Sunday, August 28, 2011

Créme Brûlée Stout

Tasted Wednesday evening while at Ribco. This was part of a pre-festiv-ale tapping before Saturdays big event. I had heard the rarity of this beer and just had to jump on the opportunity to get it. Jen and I shared this with Karan and Scot Scharr as well as Dan from Bluecat and Major John. Served in a bottle, poured in a snifter and pint glass.

Appearance: Extremely dark in look, bordering black, but still maintaining a brown tint. Dark beige head initially, but no sooner dissipates into a ring around the inner perimeter around the glass. No visibility within.
Aroma: Huge smell! Actually, it's so aromatic one can smell it several seats down the bar, and upon every swirl, someone acknowledged it. Vanilla, toffee and caramelized candi sugars, with notes of chocolate and caramel. Literally a dessert to be paired with ice-cream. I've never really found a beer to be so rich and accurately similar to a custard/caramelized Créme Brûlée dessert! Irish Cream.
Taste: Bold and rich. Similar to the aroma, but a bit more subdued and sweet with a profile of chocolate and toffee. Vanilla is still very prominent along side a rich nuttiness and custard-like complexity. Toffee complements an otherwise light coffee toasted bitterness. As the beer warms, it gains even more of a sweetened characteristic.

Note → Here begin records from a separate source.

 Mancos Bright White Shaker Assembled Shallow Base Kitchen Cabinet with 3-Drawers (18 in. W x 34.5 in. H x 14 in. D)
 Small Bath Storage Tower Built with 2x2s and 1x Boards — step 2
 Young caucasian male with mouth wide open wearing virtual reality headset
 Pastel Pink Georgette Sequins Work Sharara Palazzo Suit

All very reminiscent of Bailey's Irish Cream or a chocolate liqueur atop vanilla ice cream. Some alcohol rounds out the beer, but is well masked by many of the preceding flavors. Toasted malt emerges and is long lived in the aftertaste, along side the ever remaining vanilla flavor that seems to be common to all aspects of the beer (even appearance!).

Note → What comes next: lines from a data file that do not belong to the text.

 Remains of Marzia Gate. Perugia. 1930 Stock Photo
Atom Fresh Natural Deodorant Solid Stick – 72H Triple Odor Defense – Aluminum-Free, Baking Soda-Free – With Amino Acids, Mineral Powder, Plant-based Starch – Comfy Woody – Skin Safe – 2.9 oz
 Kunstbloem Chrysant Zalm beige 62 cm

Mouthfeel: Body is very volumptuous and thick, and gains this as the beer warms and carbonation lessens. I'd compare it more to the consistency of hot syrup. The lactose and unfermentable sugars in the flavor provide a stickiness on the lips and a cloying factor in the throat. Much of the alcohol does clear this up, but there still remains some cloy in the back of the throat. Not very drinkable by drinkability standards, more just a sipper.
Overall Impression: I'd put this with something Starbucks would make, complete with espresso, caramel, toffee, vanilla and cream, whipped together and served hot (well not hot in that sense...more hot by alcohol standards). Robust and overwhelmingly rich. A bottle will go a verly long way, so be sure to have several people with to share it with. We couldn't finish ours. Definitely a unique rarity to get your hands on for a taste.
 My rating is not representative of whether I liked it or how interesting or drinkable it was, more a combination or lack there of, of all three.